In an online interview Monday, Mr. Obama reacted angrily to Bank of America's plan to charge customers a $5-per-month service fee for debit cards.
"This is exactly why we need this Consumer [Financial] Protection Bureau that we set up that is ready to go," Mr. Obama said. "This is exactly why we need somebody whose sole job is to prevent this kind of stuff from happening ... You can stop it because if you say to the banks, 'You don't have some inherent right just to, you know, get a certain amount of profit. If your customers are being mistreated. That you have to treat them fairly and transparently.' "
But Mr. Carney said the president has no intention of fighting the bank fee.
"I'm not sure he said that," the press secretary said. "He can, or anybody can, express an opinion that they think it's excessive or unfair."
The president has something of a love-hate relationship with big banks. He pushed for greater regulation of the industry after the Wall Street collapse, resulting in the Dodd-Frank law that imposed new rules on everything from investment transparency to swipe-card fees.

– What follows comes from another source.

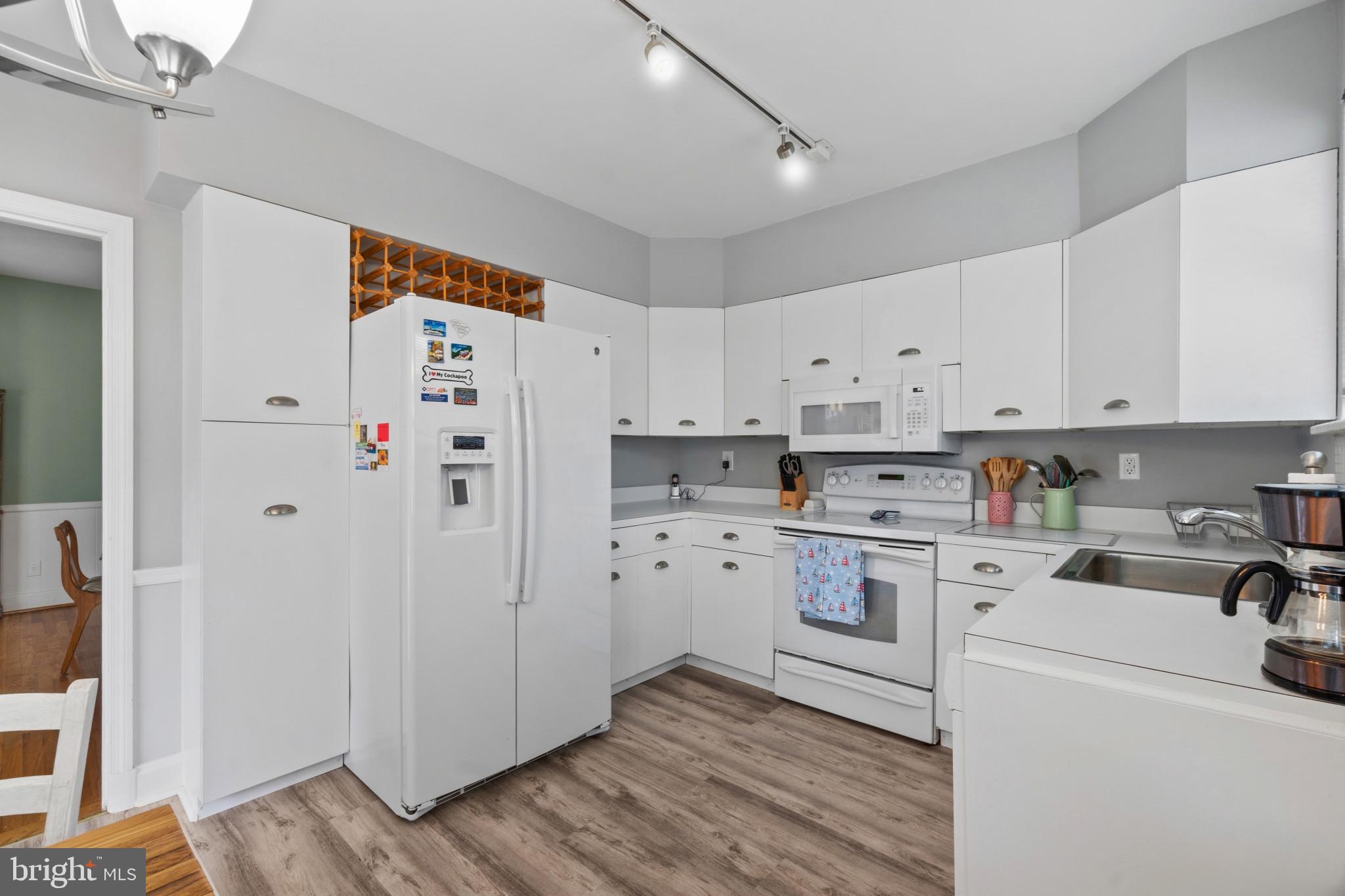 KNOLLWOOD - Residential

But Mr. Obama also is relying heavily on campaign donations from the industry for his re-election. Almost half of the cash raised by his big-money bundlers, $11.8 million, has come from banking and securities interests, according to the nonpartisan Center for Responsive Politics.
And the 2012 Democratic National Convention will be held in Charlotte, N.C., a major center of banking.
In an interview with The Washington Times this week, American Bankers Association President and CEO Frank Keating said the new rule limiting swipe-card fees is part of a pattern of regulatory overreach since the passage of Mr. Obama's far-reaching financial reform law that threatens the health of the banking industry and limits options for consumers.
"What the Congress did by price-fixing was make a decision that was not theirs to make," Mr. Keating said.
The president's spokesman said Mr. Obama's central point in the interview with ABC was that nothing in the new law compels banks to charge higher fees.
"How banks decide to deal with the overall legislation is up to them," Mr. Carney said.
But Mr. Keating and others in the industry say the new regulations have cost banks $7 billion in lost revenue.
Regulations will take effect Saturday to cap the fees that banks can charge stores for debit-card purchases. The Senate is expected to vote on Mr. Obama's nominee to lead the Consumer Financial Protection Bureau, Richard Cordray, this week; many Republican lawmakers fought the creation of the agency, arguing it will have too much unchecked power.
The president's comments about the bank fees came as activists in New York and other cities are protesting against Wall Street and banks.